Haarscharf verpassen wir im Prämontratenserkloster Tepla die Führung, müssen uns gedulden bis 13.30 Uhr. Wir vertreiben uns die Zeit, indem wir um den kleinen See laufen, den Friedhof suchen, der ausgeschildert ist und offenbar aus nur drei Gräbern besteht. Ein Goethe-Relief hängt an einer Wand, Goethe trägt eine flotte Sturmfrisur, es erinnert an seinen Besuch am 21. August 1821. Wir folgen der Führung in tschechischer Sprache, haben aber ein deutsches Textbuch zur Hand, außer uns ist noch ein jüngerer Mann so ausgerüstet. Im Kloster darf man nicht fotografieren, was wenig Sinn macht. Dafür erbrachte der Rundgang Bilder von Kreuzweg-Plastiken, wie wir sie ähnlich nirgends sagen. Wir tanken in Tepla mehr als zehn Euro billiger als zu Hause. Weil wir zweimal in Folge sauisch hinterlassene Tische russischsprechender Hotelgäste sahen, die das Personal völlig verunsicherten, will ich morgen beim Aus-Checken nachfragen, was das für seltsame Gäste sind.

20. Juli 2024

Der Besuch im Marienbader O2-Laden, zu dem wir laufen, obwohl er weiter weg ist, als wir dachten, verläuft erfolglos. Der junge Mann versteht zwar unser Anliegen, erklärt sich aber für nicht kompetent. Wir fahren mit der Seilbahn zum Seniorentarif zum Boheminium, die zahlreichen Fotos von den Miniaturen bleiben ebenso in der Kamera wie die gestrigen aus Königswart, mein Zugriff auf die SD-Karte bleibt weg, ich sehe nicht einmal mehr meine so sorgsam angelegten Alben und kann ebenso nicht mehr nach den alten Bildern schauen.

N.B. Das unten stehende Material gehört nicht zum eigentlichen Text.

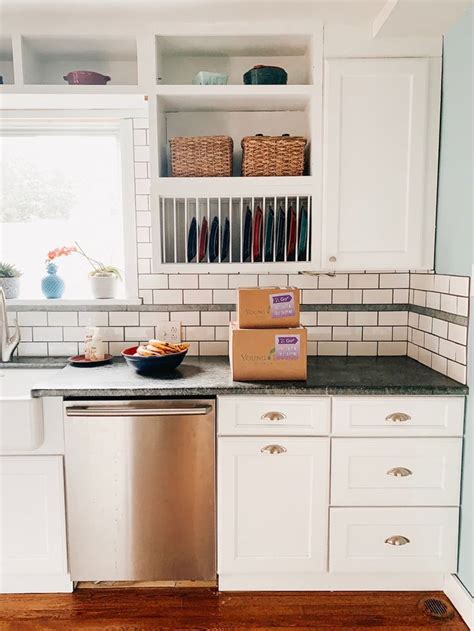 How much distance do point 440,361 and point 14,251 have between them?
2.25 metres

Am Brunnen sind wir zweimal: um 15 Uhr gibt es Chopin, um 21 Uhr erneut Metallica, diesmal mit Lichtshow. Nachdem ich gestern „Das Zeitalter der Empfindsamkeit“ zu Ende las, fast 13 Jahre lag es mit Lesezeichen auf Seite 91, war heute „Aufbruch unter Diktaturen“ an der Reihe, nun bleibt mir noch August Stramm. Den 90. Geburtstag von Uwe Johnson lasse ich verstreichen und werde auch nichts nachträglich schreiben.